Activity →
Scan the records below for the line with "カラー メンズ 岩永 梨玖のヘアスタイル" and the line with "Tượng Dê Phong". Repeat those two lines and every line between them exactly, and nothing else.

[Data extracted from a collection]
*** Begin section ***
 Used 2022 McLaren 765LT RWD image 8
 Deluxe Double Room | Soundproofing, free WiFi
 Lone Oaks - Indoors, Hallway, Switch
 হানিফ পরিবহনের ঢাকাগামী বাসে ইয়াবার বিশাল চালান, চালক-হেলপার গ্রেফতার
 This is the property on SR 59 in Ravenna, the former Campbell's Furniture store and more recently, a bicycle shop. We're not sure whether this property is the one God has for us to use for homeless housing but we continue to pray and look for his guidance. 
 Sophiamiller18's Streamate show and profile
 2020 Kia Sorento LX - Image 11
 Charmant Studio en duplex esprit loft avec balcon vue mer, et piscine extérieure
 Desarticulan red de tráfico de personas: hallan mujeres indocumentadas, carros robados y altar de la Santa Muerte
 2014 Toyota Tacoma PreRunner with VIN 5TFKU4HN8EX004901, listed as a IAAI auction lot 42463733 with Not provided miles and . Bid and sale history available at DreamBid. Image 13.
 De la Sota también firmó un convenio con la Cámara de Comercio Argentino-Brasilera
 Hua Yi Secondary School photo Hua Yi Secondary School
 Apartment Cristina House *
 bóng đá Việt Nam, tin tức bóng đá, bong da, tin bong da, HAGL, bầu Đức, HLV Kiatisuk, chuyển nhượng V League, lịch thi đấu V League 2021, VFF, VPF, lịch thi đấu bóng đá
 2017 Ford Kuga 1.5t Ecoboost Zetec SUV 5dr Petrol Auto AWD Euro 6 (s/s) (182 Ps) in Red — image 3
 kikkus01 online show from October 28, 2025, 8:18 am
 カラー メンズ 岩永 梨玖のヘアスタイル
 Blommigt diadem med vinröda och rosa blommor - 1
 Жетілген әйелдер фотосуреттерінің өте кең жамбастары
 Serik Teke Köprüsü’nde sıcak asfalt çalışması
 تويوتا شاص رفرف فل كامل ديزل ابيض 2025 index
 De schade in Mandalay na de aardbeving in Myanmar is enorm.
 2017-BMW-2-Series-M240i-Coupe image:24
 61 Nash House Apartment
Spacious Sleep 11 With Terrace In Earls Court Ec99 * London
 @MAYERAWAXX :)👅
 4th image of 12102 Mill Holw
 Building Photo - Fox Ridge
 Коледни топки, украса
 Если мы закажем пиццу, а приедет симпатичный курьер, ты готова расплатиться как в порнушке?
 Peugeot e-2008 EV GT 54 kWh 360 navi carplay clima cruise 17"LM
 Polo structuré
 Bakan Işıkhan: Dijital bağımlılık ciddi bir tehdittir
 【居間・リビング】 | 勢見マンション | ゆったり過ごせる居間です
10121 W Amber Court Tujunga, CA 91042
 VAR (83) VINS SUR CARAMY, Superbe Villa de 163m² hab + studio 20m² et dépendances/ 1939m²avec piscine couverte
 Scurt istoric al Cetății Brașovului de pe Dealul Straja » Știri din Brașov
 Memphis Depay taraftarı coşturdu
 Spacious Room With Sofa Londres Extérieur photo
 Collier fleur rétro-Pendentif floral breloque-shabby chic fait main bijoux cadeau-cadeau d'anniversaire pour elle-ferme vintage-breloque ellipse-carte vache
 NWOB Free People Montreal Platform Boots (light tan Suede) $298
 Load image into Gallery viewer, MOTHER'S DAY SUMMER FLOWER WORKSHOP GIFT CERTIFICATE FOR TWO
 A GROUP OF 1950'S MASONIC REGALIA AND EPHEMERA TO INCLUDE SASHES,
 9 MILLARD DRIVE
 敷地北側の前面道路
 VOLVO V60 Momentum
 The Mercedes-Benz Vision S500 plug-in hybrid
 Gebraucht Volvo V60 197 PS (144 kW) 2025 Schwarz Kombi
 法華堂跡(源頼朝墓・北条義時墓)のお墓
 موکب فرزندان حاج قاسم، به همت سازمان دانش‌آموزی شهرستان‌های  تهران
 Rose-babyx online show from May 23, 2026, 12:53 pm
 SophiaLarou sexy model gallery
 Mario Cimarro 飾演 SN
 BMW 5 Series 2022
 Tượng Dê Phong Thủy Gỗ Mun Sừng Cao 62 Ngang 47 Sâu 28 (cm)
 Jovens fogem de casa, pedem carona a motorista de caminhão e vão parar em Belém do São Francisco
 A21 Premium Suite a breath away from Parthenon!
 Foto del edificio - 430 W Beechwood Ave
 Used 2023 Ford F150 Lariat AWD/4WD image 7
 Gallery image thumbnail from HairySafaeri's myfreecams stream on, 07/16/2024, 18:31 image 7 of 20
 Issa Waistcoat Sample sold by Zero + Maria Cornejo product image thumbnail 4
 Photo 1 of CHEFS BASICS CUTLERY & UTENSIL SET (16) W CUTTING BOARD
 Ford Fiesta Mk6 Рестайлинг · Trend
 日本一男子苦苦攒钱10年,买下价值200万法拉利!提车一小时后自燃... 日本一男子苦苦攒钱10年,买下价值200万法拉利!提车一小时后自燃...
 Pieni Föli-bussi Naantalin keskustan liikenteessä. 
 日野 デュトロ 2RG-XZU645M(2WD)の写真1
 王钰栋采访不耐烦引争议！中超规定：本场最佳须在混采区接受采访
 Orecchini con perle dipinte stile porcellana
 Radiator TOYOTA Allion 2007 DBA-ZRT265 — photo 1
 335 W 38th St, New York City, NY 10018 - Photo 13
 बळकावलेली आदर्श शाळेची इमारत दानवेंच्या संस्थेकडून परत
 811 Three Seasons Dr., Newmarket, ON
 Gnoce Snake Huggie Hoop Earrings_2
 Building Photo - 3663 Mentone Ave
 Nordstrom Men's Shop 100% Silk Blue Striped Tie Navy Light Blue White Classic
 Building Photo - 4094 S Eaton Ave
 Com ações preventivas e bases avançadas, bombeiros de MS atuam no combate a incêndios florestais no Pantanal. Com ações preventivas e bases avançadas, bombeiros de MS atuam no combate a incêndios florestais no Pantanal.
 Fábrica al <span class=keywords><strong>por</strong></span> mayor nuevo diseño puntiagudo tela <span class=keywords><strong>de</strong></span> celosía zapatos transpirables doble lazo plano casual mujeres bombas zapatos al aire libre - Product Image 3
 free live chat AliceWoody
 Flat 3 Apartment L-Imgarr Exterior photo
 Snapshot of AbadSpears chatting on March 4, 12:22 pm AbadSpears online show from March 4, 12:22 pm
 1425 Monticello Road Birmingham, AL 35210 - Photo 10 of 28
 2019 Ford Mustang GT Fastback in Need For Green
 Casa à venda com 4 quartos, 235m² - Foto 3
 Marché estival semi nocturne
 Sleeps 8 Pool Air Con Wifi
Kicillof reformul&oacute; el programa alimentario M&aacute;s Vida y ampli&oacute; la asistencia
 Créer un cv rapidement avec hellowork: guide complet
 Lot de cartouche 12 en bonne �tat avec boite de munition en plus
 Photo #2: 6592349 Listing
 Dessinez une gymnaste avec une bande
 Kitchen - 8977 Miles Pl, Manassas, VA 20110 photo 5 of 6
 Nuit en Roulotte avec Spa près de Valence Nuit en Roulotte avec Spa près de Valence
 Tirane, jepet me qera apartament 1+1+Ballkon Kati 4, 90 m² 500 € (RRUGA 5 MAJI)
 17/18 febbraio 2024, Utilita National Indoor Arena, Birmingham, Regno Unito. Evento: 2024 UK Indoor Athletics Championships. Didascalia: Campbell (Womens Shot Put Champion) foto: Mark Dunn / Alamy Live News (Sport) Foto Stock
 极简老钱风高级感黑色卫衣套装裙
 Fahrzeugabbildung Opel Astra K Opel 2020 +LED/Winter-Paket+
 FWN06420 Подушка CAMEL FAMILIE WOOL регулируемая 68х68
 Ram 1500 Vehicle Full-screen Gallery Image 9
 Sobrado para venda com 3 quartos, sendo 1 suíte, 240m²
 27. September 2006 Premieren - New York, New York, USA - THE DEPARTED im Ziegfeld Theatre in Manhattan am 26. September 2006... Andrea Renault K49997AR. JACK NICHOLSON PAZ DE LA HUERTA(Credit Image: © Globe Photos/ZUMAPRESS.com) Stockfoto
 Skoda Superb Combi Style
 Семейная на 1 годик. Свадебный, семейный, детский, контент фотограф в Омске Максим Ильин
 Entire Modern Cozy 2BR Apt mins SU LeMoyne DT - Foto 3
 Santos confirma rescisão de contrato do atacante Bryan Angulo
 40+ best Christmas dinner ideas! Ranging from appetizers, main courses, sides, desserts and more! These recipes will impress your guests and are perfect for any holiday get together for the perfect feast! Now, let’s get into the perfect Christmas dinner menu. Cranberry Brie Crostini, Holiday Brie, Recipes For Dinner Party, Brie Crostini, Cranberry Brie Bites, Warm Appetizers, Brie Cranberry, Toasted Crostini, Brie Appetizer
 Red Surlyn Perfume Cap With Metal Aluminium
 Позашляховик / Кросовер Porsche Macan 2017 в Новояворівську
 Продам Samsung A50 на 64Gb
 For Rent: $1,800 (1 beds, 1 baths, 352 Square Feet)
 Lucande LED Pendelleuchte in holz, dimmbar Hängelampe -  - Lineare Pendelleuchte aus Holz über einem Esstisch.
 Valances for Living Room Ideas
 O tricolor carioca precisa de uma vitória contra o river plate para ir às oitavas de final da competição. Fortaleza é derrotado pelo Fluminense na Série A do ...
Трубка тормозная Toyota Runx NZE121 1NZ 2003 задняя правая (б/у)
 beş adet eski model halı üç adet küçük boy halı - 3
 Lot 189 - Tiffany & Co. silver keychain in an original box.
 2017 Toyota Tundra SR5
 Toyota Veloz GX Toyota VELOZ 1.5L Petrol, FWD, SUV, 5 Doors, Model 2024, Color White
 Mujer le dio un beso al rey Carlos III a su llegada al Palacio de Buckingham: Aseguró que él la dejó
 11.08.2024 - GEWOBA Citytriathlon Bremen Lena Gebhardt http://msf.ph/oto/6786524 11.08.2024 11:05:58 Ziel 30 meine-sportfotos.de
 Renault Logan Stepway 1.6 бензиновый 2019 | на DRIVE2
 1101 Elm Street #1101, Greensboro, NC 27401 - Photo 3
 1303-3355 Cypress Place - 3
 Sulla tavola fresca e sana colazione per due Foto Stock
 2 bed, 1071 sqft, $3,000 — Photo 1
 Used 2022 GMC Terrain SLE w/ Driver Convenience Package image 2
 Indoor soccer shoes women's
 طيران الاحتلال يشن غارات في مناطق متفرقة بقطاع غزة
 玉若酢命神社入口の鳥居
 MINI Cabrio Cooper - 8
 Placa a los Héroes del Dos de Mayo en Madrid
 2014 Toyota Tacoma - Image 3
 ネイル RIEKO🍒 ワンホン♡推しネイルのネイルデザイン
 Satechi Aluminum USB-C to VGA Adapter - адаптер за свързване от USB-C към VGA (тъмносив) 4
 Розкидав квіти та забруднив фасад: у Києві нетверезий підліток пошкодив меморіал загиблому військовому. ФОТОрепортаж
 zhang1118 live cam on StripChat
*** End section ***
Response to the exercise →
 カラー メンズ 岩永 梨玖のヘアスタイル
 Blommigt diadem med vinröda och rosa blommor - 1
 Жетілген әйелдер фотосуреттерінің өте кең жамбастары
 Serik Teke Köprüsü’nde sıcak asfalt çalışması
 تويوتا شاص رفرف فل كامل ديزل ابيض 2025 index
 De schade in Mandalay na de aardbeving in Myanmar is enorm.
 2017-BMW-2-Series-M240i-Coupe image:24
 61 Nash House Apartment
Spacious Sleep 11 With Terrace In Earls Court Ec99 * London
 @MAYERAWAXX :)👅
 4th image of 12102 Mill Holw
 Building Photo - Fox Ridge
 Коледни топки, украса
 Если мы закажем пиццу, а приедет симпатичный курьер, ты готова расплатиться как в порнушке?
 Peugeot e-2008 EV GT 54 kWh 360 navi carplay clima cruise 17"LM
 Polo structuré
 Bakan Işıkhan: Dijital bağımlılık ciddi bir tehdittir
 【居間・リビング】 | 勢見マンション | ゆったり過ごせる居間です
10121 W Amber Court Tujunga, CA 91042
 VAR (83) VINS SUR CARAMY, Superbe Villa de 163m² hab + studio 20m² et dépendances/ 1939m²avec piscine couverte
 Scurt istoric al Cetății Brașovului de pe Dealul Straja » Știri din Brașov
 Memphis Depay taraftarı coşturdu
 Spacious Room With Sofa Londres Extérieur photo
 Collier fleur rétro-Pendentif floral breloque-shabby chic fait main bijoux cadeau-cadeau d'anniversaire pour elle-ferme vintage-breloque ellipse-carte vache
 NWOB Free People Montreal Platform Boots (light tan Suede) $298
 Load image into Gallery viewer, MOTHER'S DAY SUMMER FLOWER WORKSHOP GIFT CERTIFICATE FOR TWO
 A GROUP OF 1950'S MASONIC REGALIA AND EPHEMERA TO INCLUDE SASHES,
 9 MILLARD DRIVE
 敷地北側の前面道路
 VOLVO V60 Momentum
 The Mercedes-Benz Vision S500 plug-in hybrid
 Gebraucht Volvo V60 197 PS (144 kW) 2025 Schwarz Kombi
 法華堂跡(源頼朝墓・北条義時墓)のお墓
 موکب فرزندان حاج قاسم، به همت سازمان دانش‌آموزی شهرستان‌های  تهران
 Rose-babyx online show from May 23, 2026, 12:53 pm
 SophiaLarou sexy model gallery
 Mario Cimarro 飾演 SN
 BMW 5 Series 2022
 Tượng Dê Phong Thủy Gỗ Mun Sừng Cao 62 Ngang 47 Sâu 28 (cm)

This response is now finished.